土 旧暦 9月26日 仏滅 丁亥 一白水星 Ingegerd Ingela V45 24367日目

僕らの住む町から旧道に沿ってストックホルムに向かって北上すると、その半ばほどの所にイットレヤーナと呼ばれる地域がある。その人里離れた感じの場所にポツンと立派なコンサートホールがある。今日はそこで竹原美歌さん(と書くより、Mika Takeharaと書いた方が通りが良いかも)の打楽器の演奏があったので同居人と聞きに行った。打楽器の演奏と言っても、ダンスとの共演であったので、Mika さんはステージ上手の一隅にシンバルの様なものやらドラム缶やら名前の知らないたくさんの打楽器を集めて、まるで黒子の様な衣装で動きながらそれらを演奏した。床に座って和太鼓を叩く場面もあった。それがまたスポットライトによく映えるのである。舞台の中心には Virpi Parkinen といふ踊り手が広い舞台でひとり踊った。およそ1時間近くも続く激しい動きの連続であった。楽譜もないのに長い曲の演奏や踊りの順序をどうやって覚えるのかなと不思議であった。また、照明が効果的で、場面に合せて操作する人も演奏者のひとりであるに違ひなかった。踊りそのものも、どんなイマジネーションの産物なのかは分からないが、「ある朝目覚めたら虫になってゐた」といふ変身物語を連想させる様でもあった。
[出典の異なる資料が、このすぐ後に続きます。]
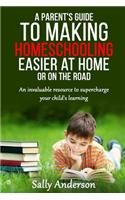 A Parents Guide to Making Home Schooling Easier at Home or on the Road
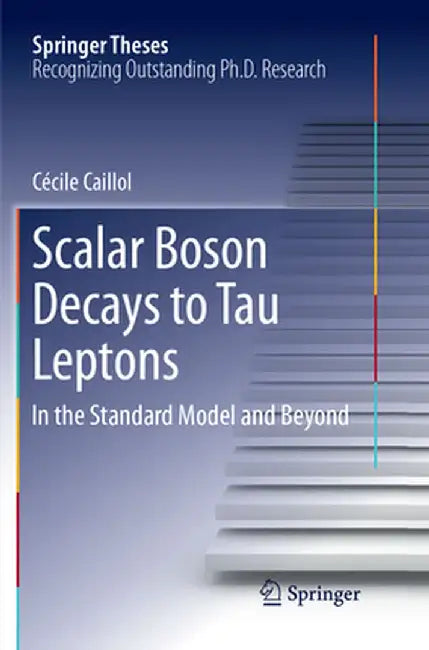 Scalar Boson Decays to Tau Leptons: In the Standard Model and Beyond by Cécile Caillol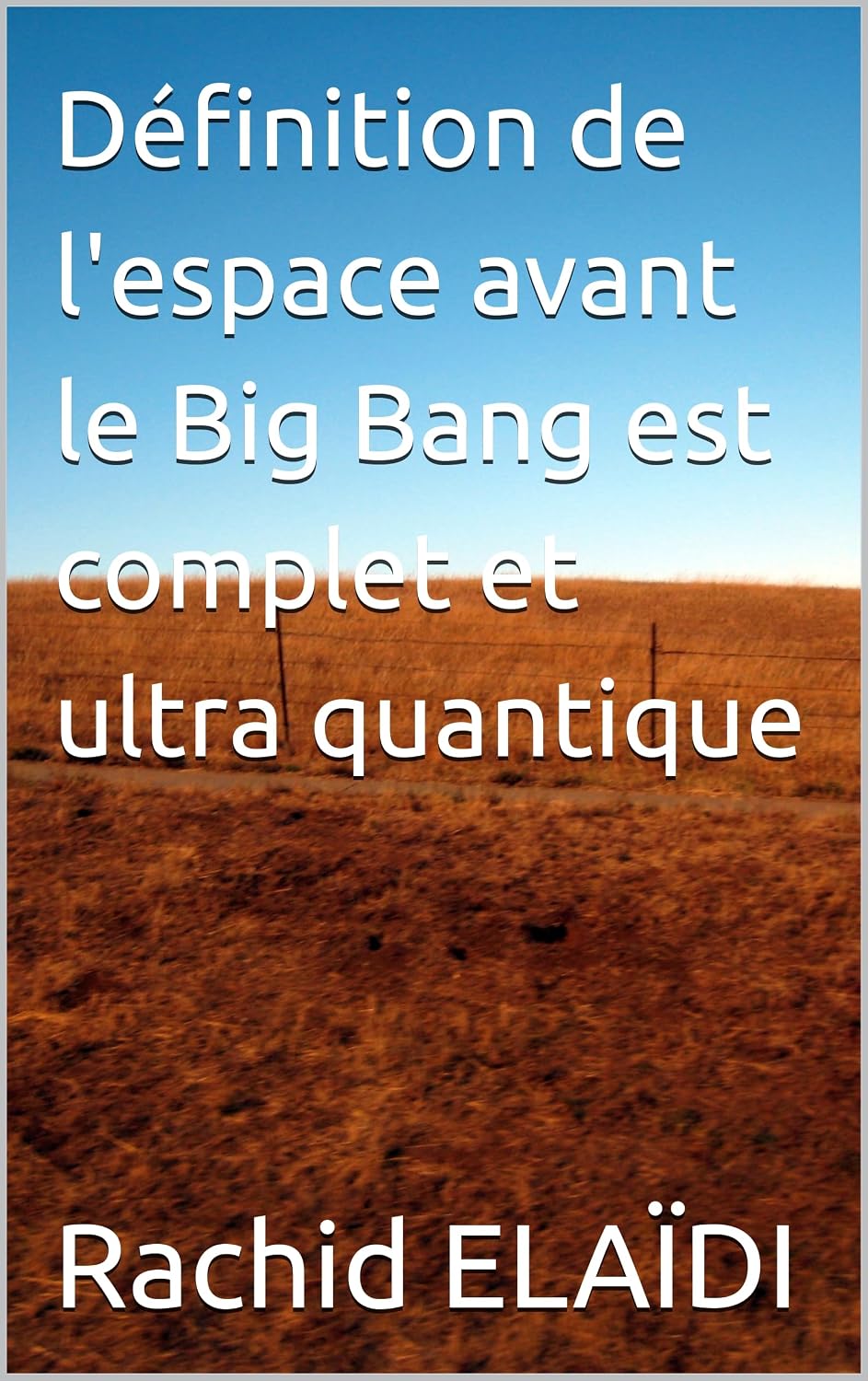 ler totalmente Définition de l'espace avant le Big Bang est complet et ultra quantique (French Edition)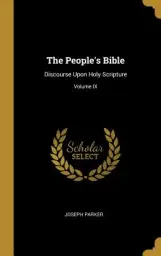 The People's Bible: Discourse Upon Holy Scripture; Volume IX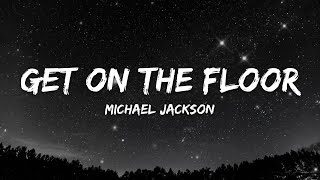 Michael Jackson – Get on the Floor (Lyrics)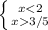 \left \{ {{x<2} \atop {x3/5}} \right. 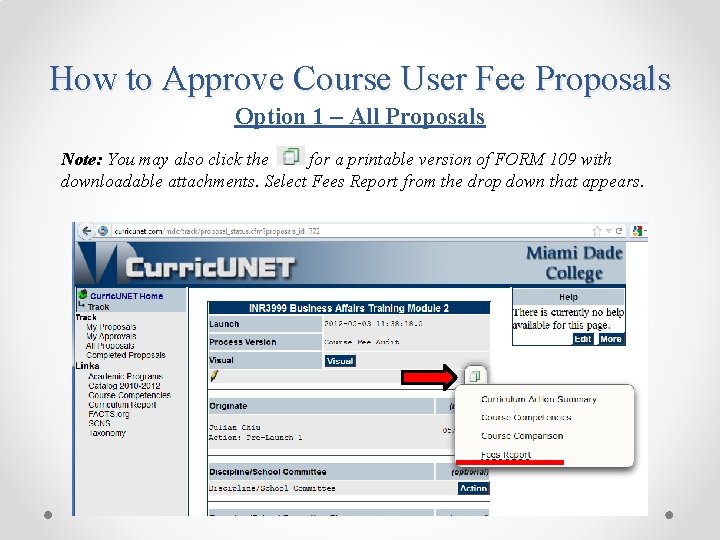 How to Approve Course User Fee Proposals Option 1 – All Proposals Note: You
ヒトのカラダの関節はそんな風にも動くものかと驚く様な動きで、巨大な昆虫の動きを見る様でもあった。後半になって、もうひとりの踊り手 Fredrik Quinones も登場し、その二人はある時は敵対する様に見受けられ、またある時は協調する様に見受けられた。全体として、時々和風のイメージが盛り込まれてゐて、興福寺の阿修羅像が踊りだしたかと思はれる場面もあった。ともかく不思議な踊りであった。プログラムのタイトルには ”ICHOS & FOLD” と書かれてゐた。